# Finishing advise for solid oak kitchen worktop



## Mcluma (13 Jun 2012)

What is the best and most suitable finishing to put on a solid oak kitchen worktop.

There have been a lot of people who have put in solid worktops. and wondered what kind of finishing they have put on it

Thanks

Chris


----------



## Von Ryan (13 Jun 2012)

I used Liberon Finishing oil, messed up one time when I forgot to wipe it off but cleaned and reapplied and good as gold.


----------



## chippymart (13 Jun 2012)

I prefer Osmo's Top oil. Found the most durable to stop water penetration and doesn't smell awful like danish oil etc.


----------



## Tomyjoiner (13 Jun 2012)

I use danish when i do kitchens just a bit of an unplesant smell.


----------



## Mcluma (13 Jun 2012)

The wife bought some danish oil and a lint free cloth so i will have a go with that

Thanks for the replies


----------



## Mcluma (15 Jun 2012)

She has put a first coat on it this morning and it looks stunning. 2 more coats and it should be done


----------



## Mcluma (15 Jun 2012)

Its got now two coats of Danish oil on it (top side and bottom)

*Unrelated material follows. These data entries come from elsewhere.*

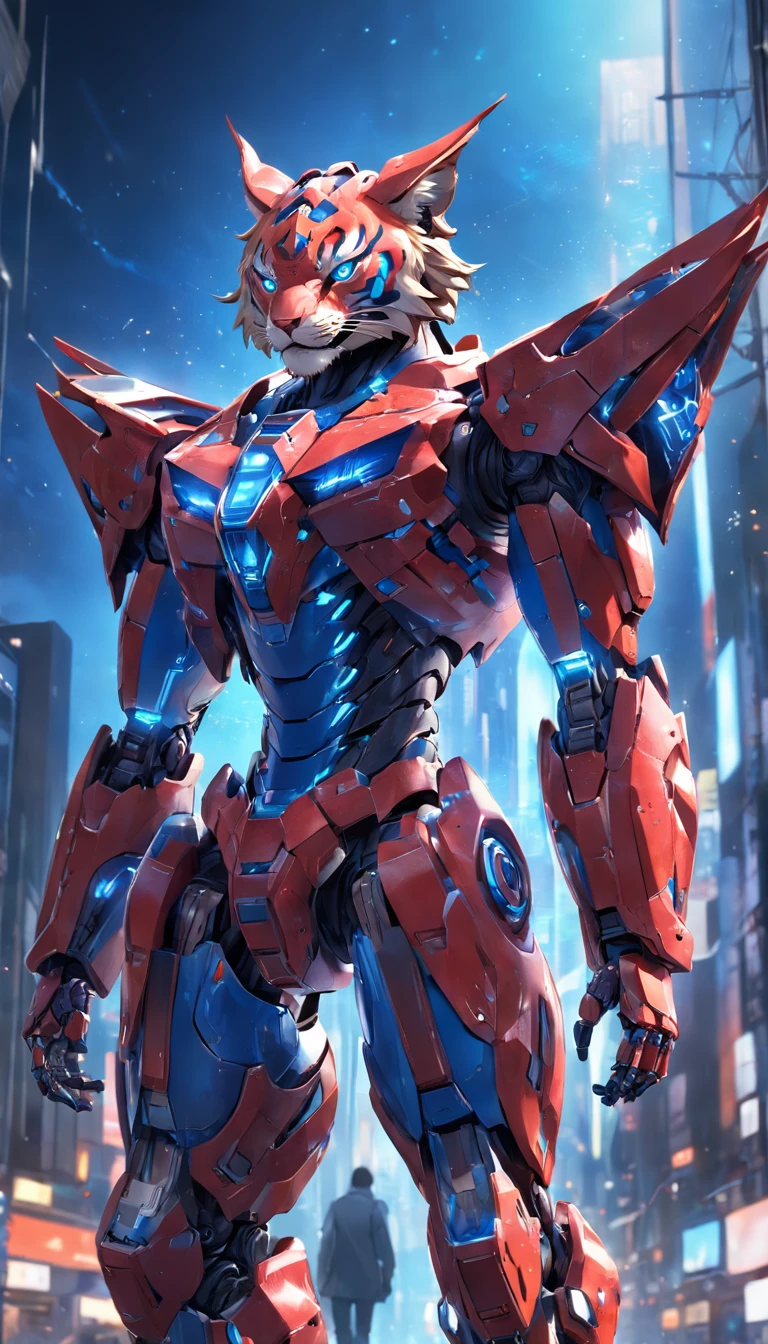 (A cybermecha Tiger with a sense of transparency:1.5), (Cyber Mecha blue and red Tiger:2.0), (extremely detailed CG unity 16k wallpaper:1.1), (Denoising strength: 1.45), (tmasterpiece:1.37), (Full body posing:1.4:), whole-length, Dynamic angle, starry sky, lifelike texture, side lighting, sparkle, glowing light, ray tracing, ((masterpiece)), (masterpiece), best quality, UHD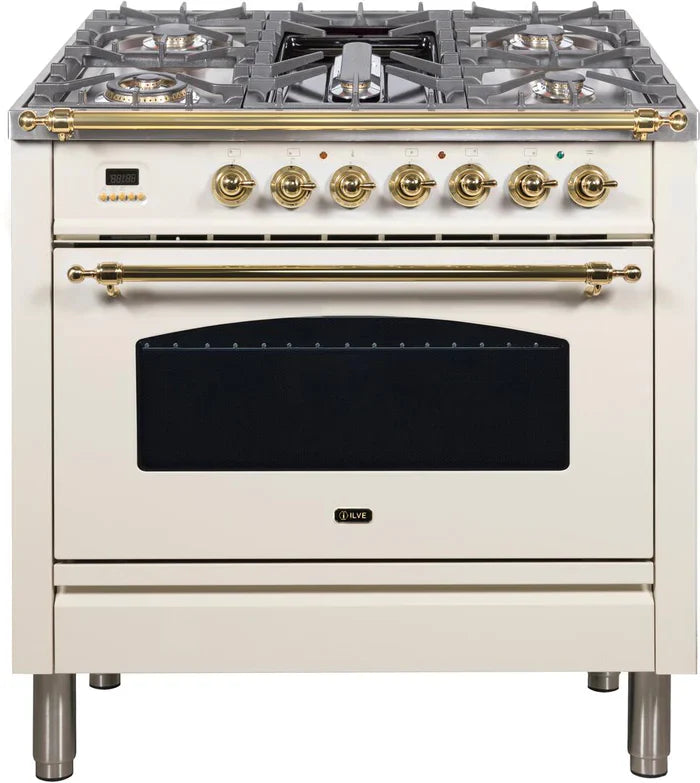 ILVE 36Inch Nostalgie Dual Fuel Range with 5 Sealed Brass Burners 3 cu. ft. Oven UPN90FDM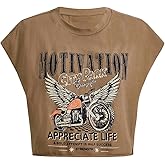 SOLY HUX Women's Y2k Vintage Graphic Short Sleeve Tee Tops Crew Neck Crop Tops for Summer Going Out T Shirts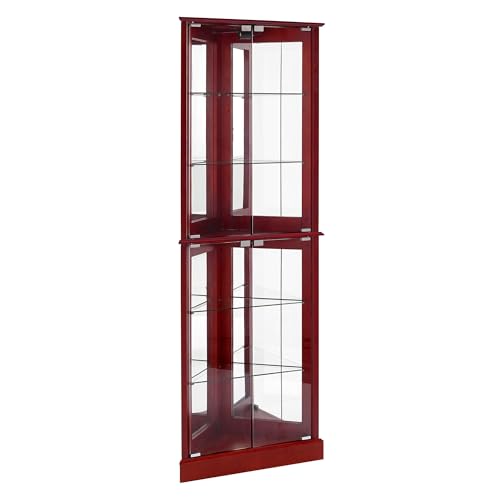 Knocbel Classic 72" Tall Corner 6-Shelf Curio Cabinet with Tempered Glass Doors, Cherry Y355579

How many coats do you reckon it needs?




Untitled by mcluma, on Flickr




Untitled by mcluma, on Flickr


----------



## Bradshaw Joinery (18 Jun 2012)

Three on everything before installing, then three more when in place.


----------



## Stormer1940 (22 Jun 2012)

Personally I swear by the Osmo Top Oil as Mart advised on. 
A bit more expensive than Danish but in my opinion a better product. 
3 - 4 coats by brush tops with OSMO.
They all do a base layer product for areas that are subject to more moisture i.e. Sinks, dish washer.


----------



## Mcluma (22 Jun 2012)

I have now five coats on it, top and bottom


----------